──────── Given records

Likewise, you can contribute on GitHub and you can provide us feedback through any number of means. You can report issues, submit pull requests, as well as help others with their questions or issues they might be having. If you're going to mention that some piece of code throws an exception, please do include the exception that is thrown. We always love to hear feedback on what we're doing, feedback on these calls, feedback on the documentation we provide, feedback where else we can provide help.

────────────────
──────── Given records

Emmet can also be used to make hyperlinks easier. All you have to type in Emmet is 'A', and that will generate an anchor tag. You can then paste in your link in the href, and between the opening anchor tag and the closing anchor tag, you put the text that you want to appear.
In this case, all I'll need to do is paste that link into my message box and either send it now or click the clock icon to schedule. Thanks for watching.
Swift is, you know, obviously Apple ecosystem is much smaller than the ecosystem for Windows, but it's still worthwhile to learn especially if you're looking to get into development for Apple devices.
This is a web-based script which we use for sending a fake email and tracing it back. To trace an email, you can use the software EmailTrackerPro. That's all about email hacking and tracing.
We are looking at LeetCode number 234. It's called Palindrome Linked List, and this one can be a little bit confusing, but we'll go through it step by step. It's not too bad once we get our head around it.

────────────────
──────── Given records

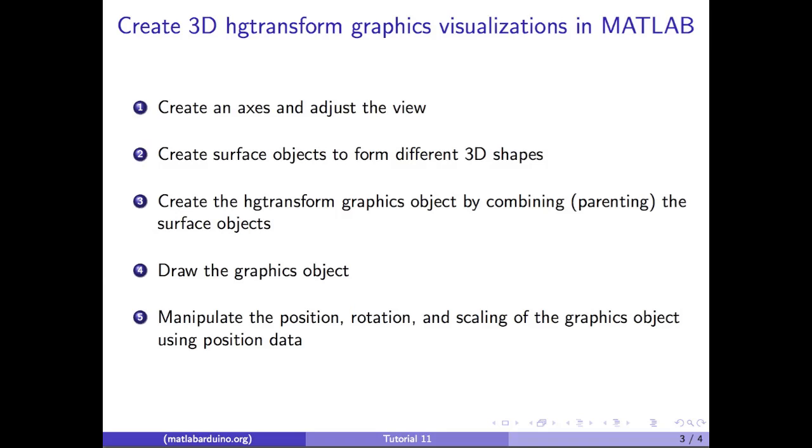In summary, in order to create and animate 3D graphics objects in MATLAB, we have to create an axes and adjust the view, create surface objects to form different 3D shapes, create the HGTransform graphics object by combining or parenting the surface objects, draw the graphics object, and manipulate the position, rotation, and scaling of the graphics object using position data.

────────────────

Required action:
Within the material above, the line with "This is a web-based" opens the range and the line with "We are looking" closes it; reproduce that range word for word.

Output for this task:
This is a web-based script which we use for sending a fake email and tracing it back. To trace an email, you can use the software EmailTrackerPro. That's all about email hacking and tracing.
We are looking at LeetCode number 234. It's called Palindrome Linked List, and this one can be a little bit confusing, but we'll go through it step by step. It's not too bad once we get our head around it.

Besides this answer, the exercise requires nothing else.